Add these guidance procedures to the current economic climate and industry layoffs and it’s easy to understand why it could be difficult for drug makers to cope, right? “I don’t look at it that way because there are benefits to this whole concept of quality by design that builds robustness into your process,” says D’Eramo. “We are actually working on business cases right now at J&J to show that in the long run, it’s actually cheaper. One of the reasons why many of the companies are interested in quality by design is because there is a business case; it improves manufacturing efficiency. We are not doing it because the FDA is telling us we have to do it. It results in more robust manufacturing processes and in reduced cycle times in manufacturing. We can have less inventory because of a more consistent supply chain, there’s less investigations and paperwork because it lessens the potential for failures.”

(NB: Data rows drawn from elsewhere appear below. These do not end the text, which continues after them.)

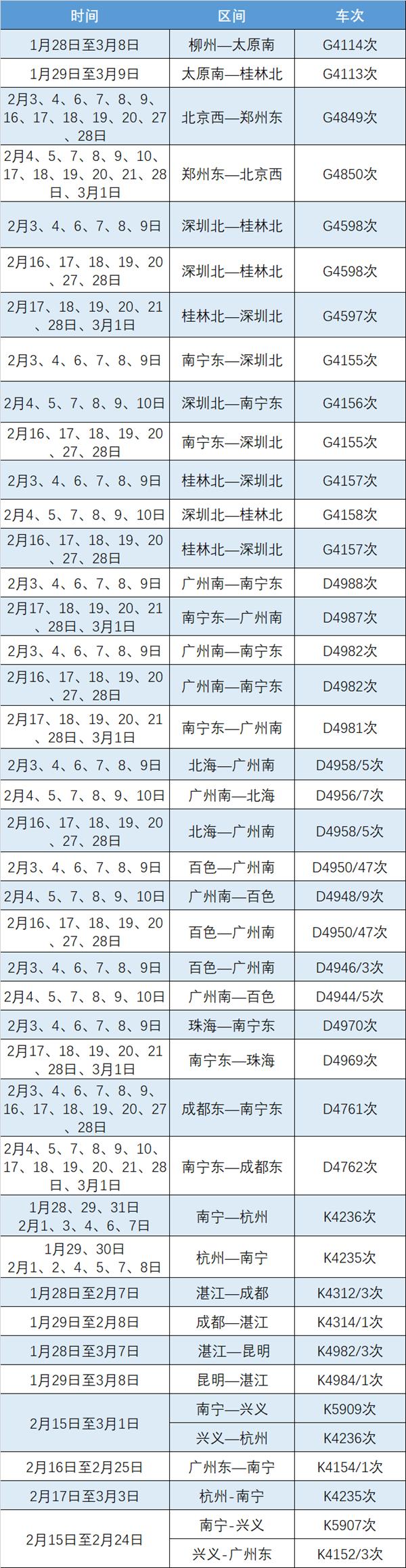 2021广西春运新增列车时刻表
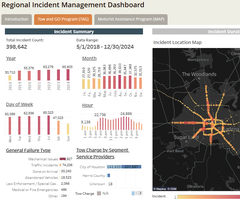 Regional Incident Management Dashboard
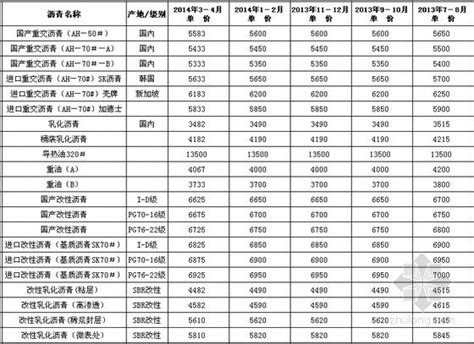 南京水务集团有限公司自来水价格表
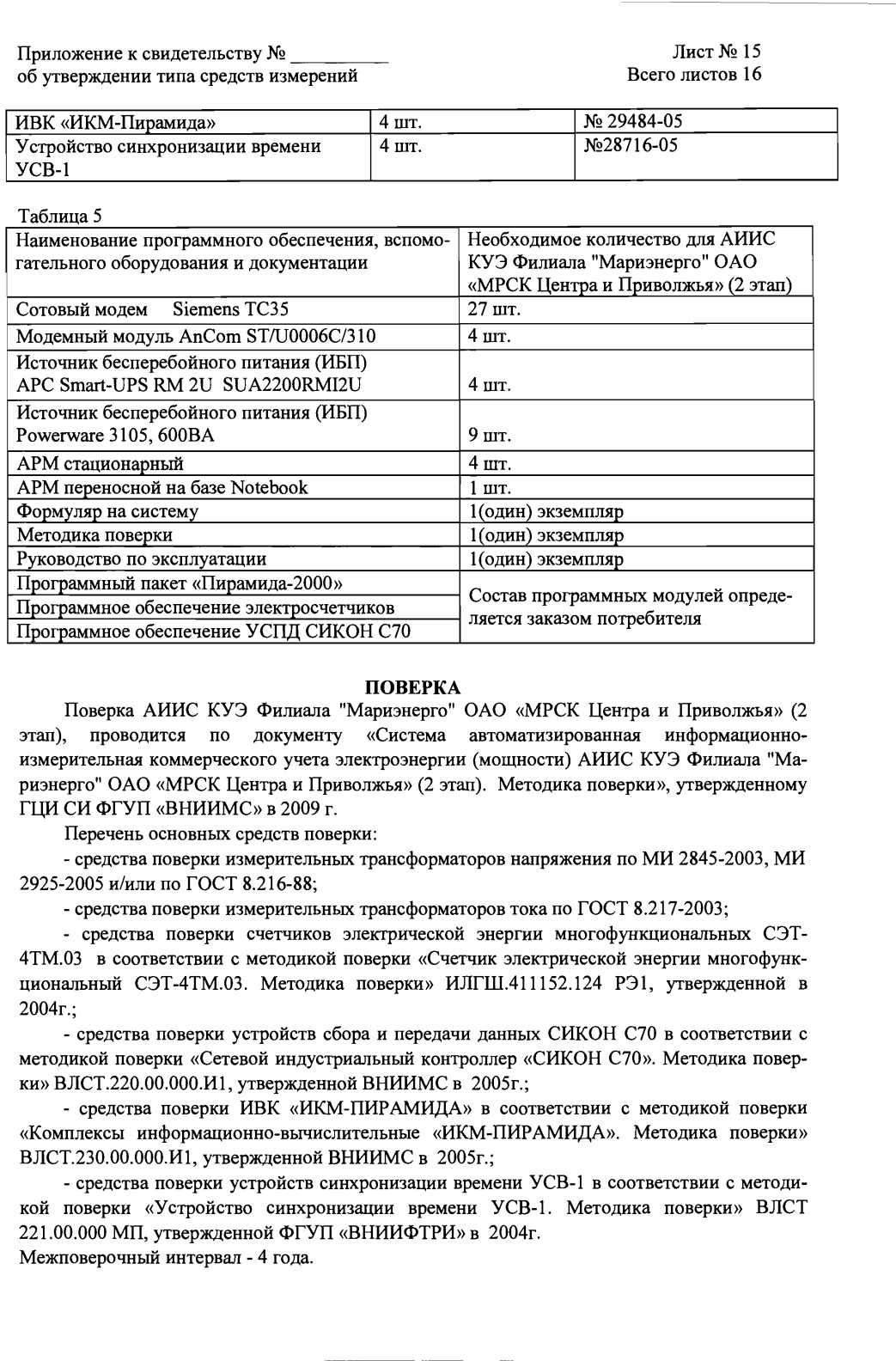 Поверка<br>Аккредитованная лаборатория<br>8(812)209-15-19, info@saprd.ru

Drilling down to the packaging implications of the guidance draft, D’Eramo says that many of the issues pertaining to packaging are related to stability. “In other words, you would develop your packaging to assure that the overall product would be stable,” he says. “I am from the compliance world, not packaging, but based on understanding the whole manufacturing process, there wouldn’t be a reason for changing the way a company would identify the materials, validate the actual filling process into the bottles for accuracy, and ensure the right bottle is in the right package. Those things are in place now.”

That said, the ISPE Webinar’s question-and-answer session following McNally’s presentation did briefly discuss issues pertaining to labeling and drug repackagers and contract packagers. The response indicated that processes related to the original drug manufacturing would apply to contract services as well.

D’Eramo explains, “Stability is the basis of the assurance that the drug product you take will not degrade over time. Many of the controls are put in place to prevent degradation during the manufacturing and packaging operations.” He says stability differs from efficacy, which he describes as “assurance in the clinical trial stage that the product has the effect in the body that you expect.”

He also addressed the use of the terms validation, qualification, and verification. “This is so controversial,” he admits. “Resolving the matter is also what this guidance draft tries to do. In recent years, there have been other standards that have tried to move toward the word ‘qualification’ rather than ‘validation.’ In general, you qualify equipment, and you validate the manufacturing process, but that’s a really simplified definition.” He says the draft guidance tends to move toward the term verification.

Becoming consistent with terms is something the FDA is striving to do, says D’Eramo, who believes the agency should provide a glossary of terms with the final process validation guidance document. The guidance draft is available to read at the FDA’s web site, www.fda.gov.